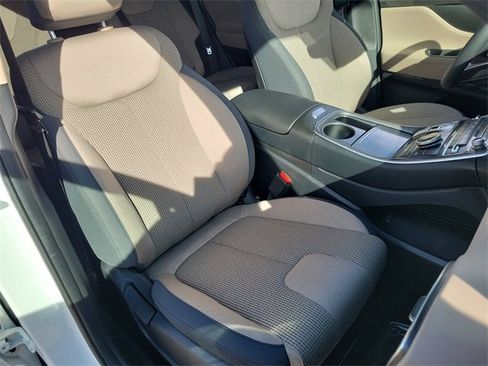 Used 2023 Hyundai Santa Fe SEL image 18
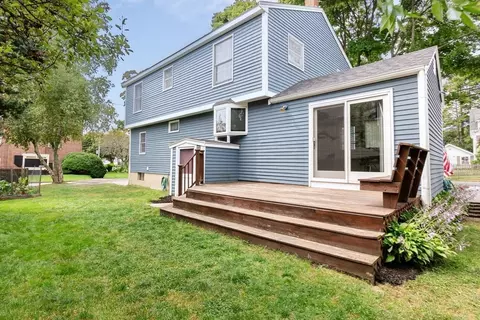 13 Porter St, Danvers, MA 01923 photo 4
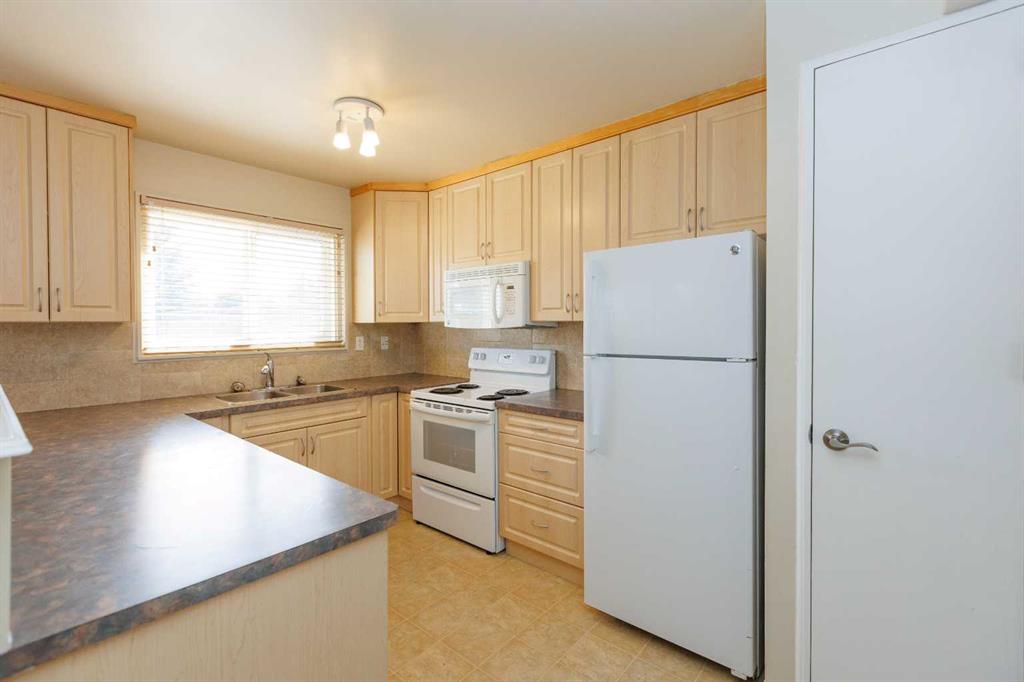 Picture for 1603, 3907 39 Street 
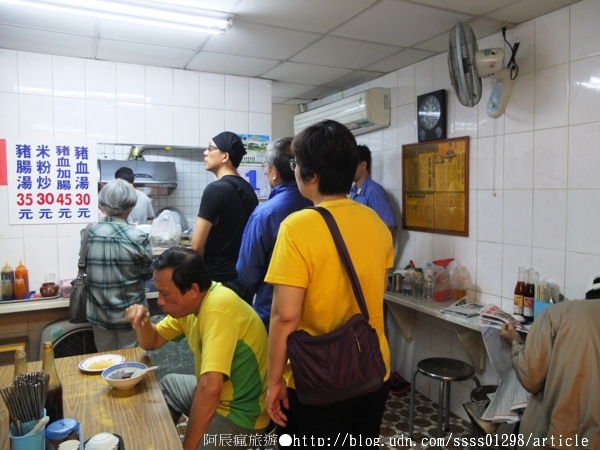葉家豬血湯：【美食特搜。台南中西區】葉家豬血湯。米粉炒 豬血湯 慶中街巷內小吃老店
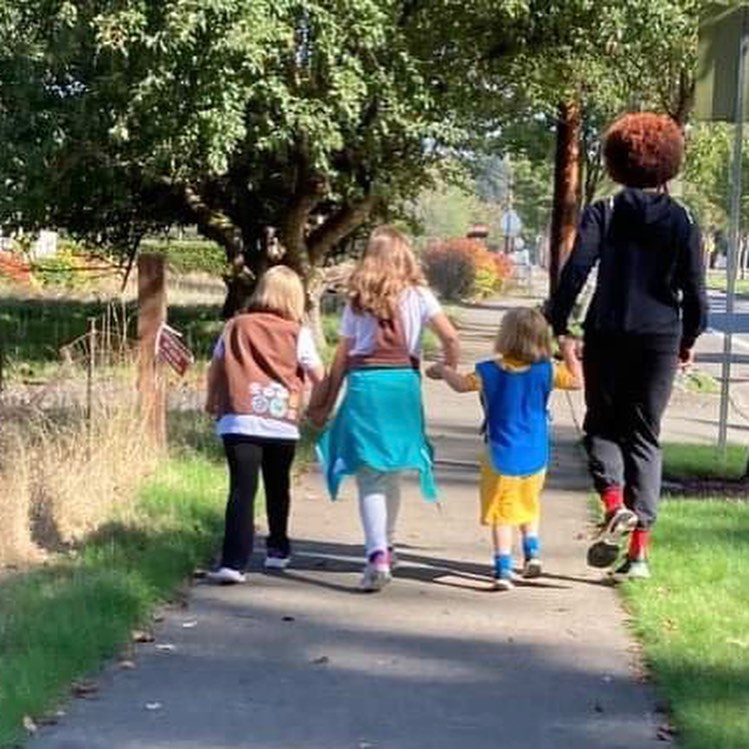 GirlScoutsWW's tweet photo. Repost from @erinin2016. "Check out the little Girl Scouts who came to walk with me today! We skipped and ran and walked and talked about reading and playing soccer and dancing. Thank you to each one who joined us today! What a great day! #gsww"
#GirlScoutsWW https://t.co/2WsfXowDCD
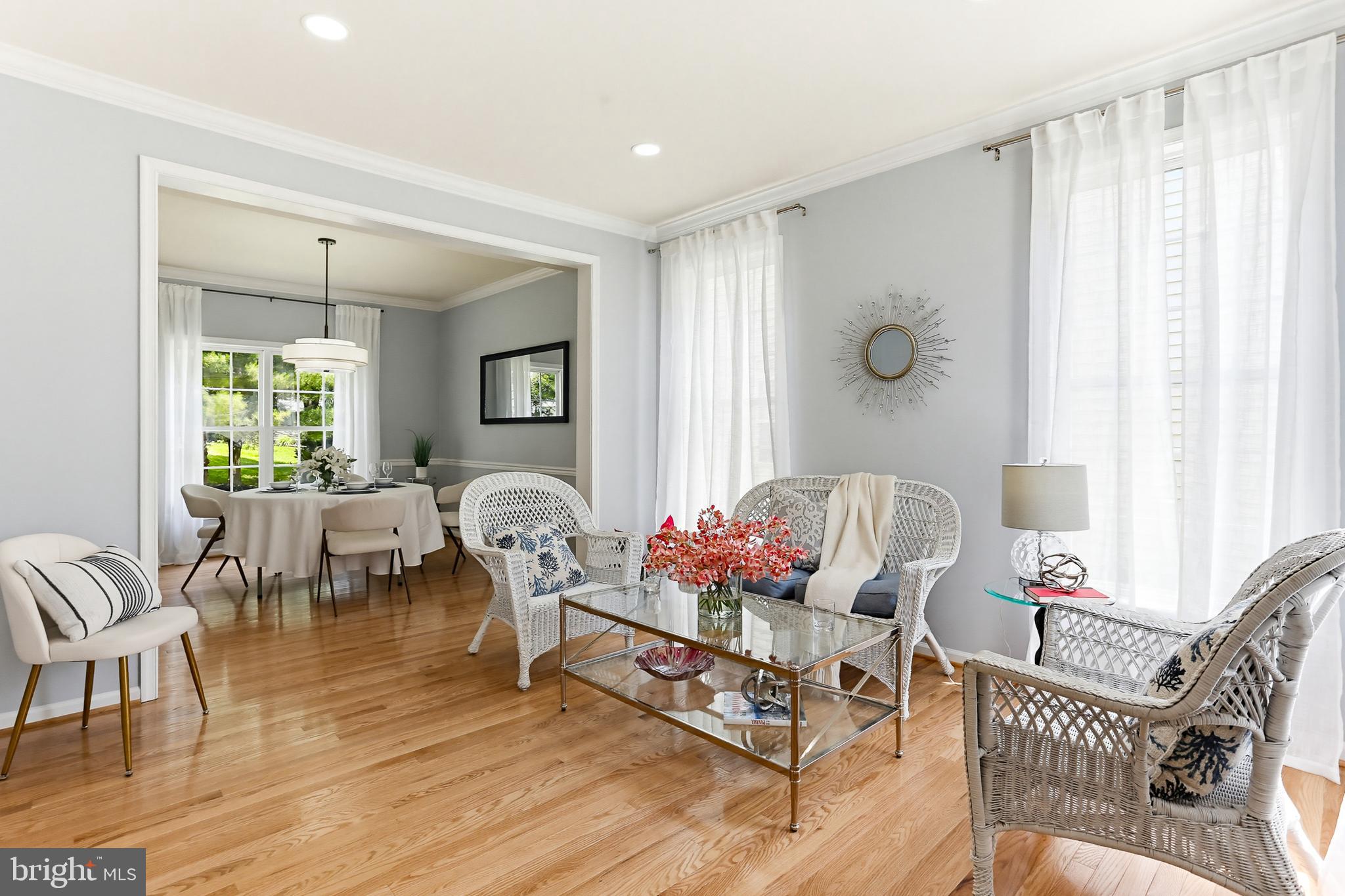RIVER HILL - Residential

__Aim of the exercise__: Only the text of the records belongs in the answer, printed exactly and without pictures.

__Your response__:
 Used 2023 Hyundai Santa Fe SEL image 18
 13 Porter St, Danvers, MA 01923 photo 4
 Picture for 1603, 3907 39 Street 
葉家豬血湯：【美食特搜。台南中西區】葉家豬血湯。米粉炒 豬血湯 慶中街巷內小吃老店
 GirlScoutsWW's tweet photo. Repost from @erinin2016. "Check out the little Girl Scouts who came to walk with me today! We skipped and ran and walked and talked about reading and playing soccer and dancing. Thank you to each one who joined us today! What a great day! #gsww"
#GirlScoutsWW https://t.co/2WsfXowDCD
RIVER HILL - Residential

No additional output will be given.